One of his favorite roles was the lawyer in "Anatomy of a Murder," which he likes because "I would say it's in an off-Jimmy-Stewart path. Believe me, I don't mindm the Jimmy Stewarts . . . . This is . . . I have this . . ." -- he shrugs; there is no word for it -- "so I don't mind it, but in an off-Jimmy-Stewart path I liked that, and it had a lot to do with Otto Preminger, who directed it."

Stewart has worked, of course, with some of the director kings, like Hitchcock, who is notorious for lines like this: "The chief requisite for an actor is the ability to do nothing well, which is by no means as easy as it sounds. He should be willing to be utilized and wholly integrated into the picture by the director and the camera . . . ."

As Stewart talks about his reaction to that, there is a hint of the lack of ego and the openness to direction that have made him a star. Not just in Hitchcock films like "Vertigo," "Rear Window," and "The Man Who Knew Too Much," but other directors' films, too.

"I agree with everything he [Hitchcock] said. I think probably as far as the actual making of the pictures, he was the most exciting of any, because -- he and John Ford had a lot in common -- you were never sure what was going to happen next . . . ."

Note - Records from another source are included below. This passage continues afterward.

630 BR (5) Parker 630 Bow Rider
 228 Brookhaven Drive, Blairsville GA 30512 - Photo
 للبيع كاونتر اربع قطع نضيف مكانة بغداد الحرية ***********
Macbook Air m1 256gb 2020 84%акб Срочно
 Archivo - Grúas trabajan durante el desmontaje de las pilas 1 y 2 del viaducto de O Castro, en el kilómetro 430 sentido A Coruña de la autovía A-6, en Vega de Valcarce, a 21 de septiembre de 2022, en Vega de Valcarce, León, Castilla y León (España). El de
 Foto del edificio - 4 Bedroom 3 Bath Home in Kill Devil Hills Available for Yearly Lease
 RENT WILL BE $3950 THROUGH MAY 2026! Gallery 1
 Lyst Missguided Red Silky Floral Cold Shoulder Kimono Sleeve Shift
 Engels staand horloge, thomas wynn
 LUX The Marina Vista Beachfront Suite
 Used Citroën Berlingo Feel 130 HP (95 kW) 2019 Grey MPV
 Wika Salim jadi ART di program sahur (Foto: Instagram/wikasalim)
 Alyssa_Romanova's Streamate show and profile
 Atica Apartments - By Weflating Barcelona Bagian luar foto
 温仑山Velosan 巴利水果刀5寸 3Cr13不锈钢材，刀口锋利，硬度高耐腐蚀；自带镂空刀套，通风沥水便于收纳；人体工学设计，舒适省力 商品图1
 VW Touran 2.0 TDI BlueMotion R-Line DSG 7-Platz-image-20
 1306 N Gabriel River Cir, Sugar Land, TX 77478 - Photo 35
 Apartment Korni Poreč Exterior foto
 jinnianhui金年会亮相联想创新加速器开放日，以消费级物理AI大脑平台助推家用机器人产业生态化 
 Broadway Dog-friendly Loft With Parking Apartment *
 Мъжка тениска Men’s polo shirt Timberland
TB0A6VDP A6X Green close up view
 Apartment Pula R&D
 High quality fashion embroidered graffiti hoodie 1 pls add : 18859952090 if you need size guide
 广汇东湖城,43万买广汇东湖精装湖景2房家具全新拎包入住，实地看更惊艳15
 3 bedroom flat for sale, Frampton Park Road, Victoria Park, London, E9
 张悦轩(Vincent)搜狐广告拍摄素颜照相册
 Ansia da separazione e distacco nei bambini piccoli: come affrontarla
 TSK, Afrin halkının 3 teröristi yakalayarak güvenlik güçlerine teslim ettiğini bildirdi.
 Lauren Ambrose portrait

What happens next, as Jimmy Stewart is talking, is that one of a line of soignee beauties parading by, modeling fashions from a Beverly Hills shop stops at the table. She also stops conversation all around us. Jimmy Stewart, gazing appreciatively at her blue and black satin chemise, finally stammers, "it . . . it . . . ought to have a belt on it, . . . or somethin.'" From time to time, as more models twirl by, the conversation stops dead, while Stewart gives them the sort of total concentration he gave a baseball in "The Stratton Story" or a trombone in "The Glenn Miller Story." Then the interview resumes with a "Wwwwhere were we?"

WE were talking about directors: "You never, in a Hitchcock or Ford picture," he continues, "you never get the feeling you're sitting around waiting for something to happen, or arguing with somebody about the script. There's none of that. Hitchcock and Ford and a lot of the others came completely prepared as far as the basic mechanics of the picture were concerned, and the mood they wanted to get from every scene. This makes [people] lots of times say, 'Well, he doesn't do anything. He just goes off and says, 'Roll'em! . . . He never tells you anything,' you know. But I would say that's part of the greatness. The director in my opinion is the top fella; he's the head pigeon."

Didn't Stewart, as an actor, resent that kind of control?

"I loved . . . I . . . I loved every minute of bein' on the boat . . . . I've always sort a questioned [he says questioned as though he had a mouthful of hubbard squash] the actor who has a big part in a picture, who requests, and, if that isn't brought about, then demands that he personally be in all story conferences, all decisions about this take, that take, all decisions about how this character should go and everything. Now this I don't agree with. I don't have too many ponderous arguments against it. Maybe I'm only sticking up for the old fashioned way of making pictures. We had, we had fights then, too. This wasn't . . . an attempt to come into a picture and take over his role and play the picture his way, regardless of everybody else. [That] is a selfish, unfair, unprofessional way to do this business."

Finally, Jimmy Stewart segues, as they say in Variety, into what his credo is after 45 years in films.

"Credo? I don't know exactly what credo means . . . . I really don't know how to spell it," he confides. "But I . . . at this point in time, I look at everyday -- I look at the next day -- as a gift. I look at every new day as . . . uh, it's pennies from heaven . . . . I've had so many blessings, I've had so much good fortune in my life. At this point in time I can do nothing but be just . . . grateful."